Hi,
I am running filebeat in a Docker Container on Kubernetes Cluster for Processing Logs of our Application and send them to Logstash. Our Log Data is stored in PV, so I ran only one pod of filebeat that takes logs from that PV, process it and send them to Logstash. I am storing Filebeat Registry file in our PV so that in case of any restart, it should start from wherever it left.
Now the problem arises with Pod restarts. As the new pod may be deployed on any node in kubernetes cluster, the device field in Filebeat Registry file gets changed and it is not able to retrieve offset information for a log file with the new (device + inode) combination, so it creates new entry for that log file in registry file with the new (device + inode) combination.

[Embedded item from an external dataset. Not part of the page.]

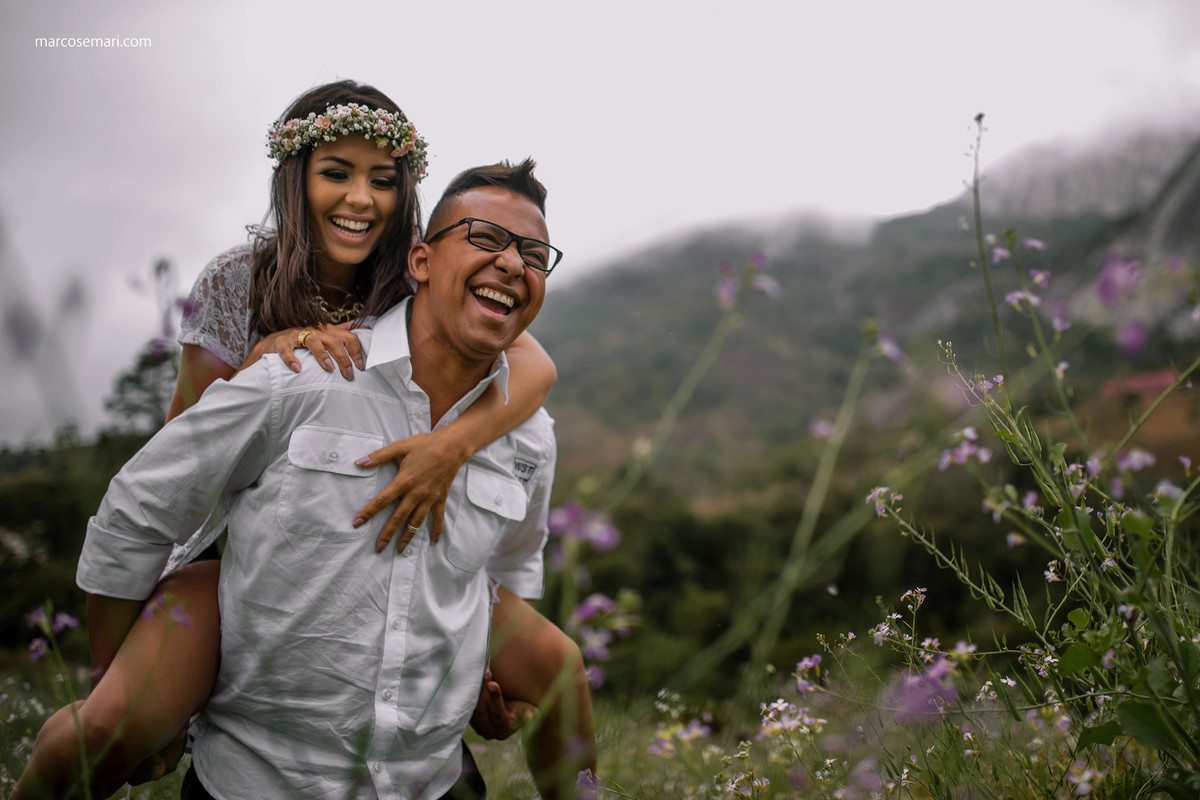 cerejeiras-ensaio-pre-wedding-adna-betinho-pedra-azul-es-fotos-no-campodeflores-es-noivas-casamentos-es-fotografos-marcos-e-mari-fotografias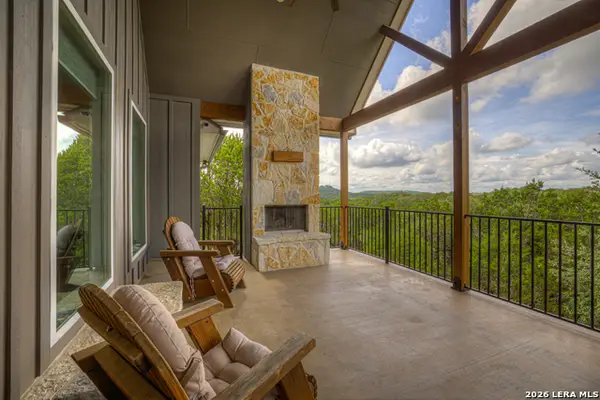 562 Toye Blvd, Canyon Lake, TX 78133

Registry (data.json) file before pod restart :
{
"source": "my_service_.2020-06-16.27.log",
"offset": 158130,
"timestamp": "2020-07-24T18:43:28.716910538Z",
"ttl": -1,
"type": "log",
"meta": null,
"FileStateOS": {
"inode": 4187121761,
"device": 2097258
}
}
Registry (data.json) file after pod restart :
{
"source": "my_service_.2020-06-16.27.log",
"offset": 158130,
"timestamp": "2020-07-24T18:43:28.716910538Z",
"ttl": -1,
"type": "log",
"meta": null,
"FileStateOS": {
"inode": 4187121761,
"device": 2097258
}
},
{
"source": "my_service_.2020-06-16.27.log",
"offset": 210589,
"timestamp": "2020-07-24T18:53:59.49175077Z",
"ttl": -1,
"type": "log",
"meta": null,
"FileStateOS": {
"inode": 4187121761,
"device": 8388788
}
}
This duplicate entry in the Registry file causes it to reprocess that log file again.. leading to duplicate logs in Elasticsearch.
As our log data is very large.. we cannot afford to reprocess all the log files for every pod restart.
-
Is there any solution to this problem??
-
Is there any way in which device filed can be kept as same over pod restarts??
Please provide solution asap as this is a very crucial part in our deployment.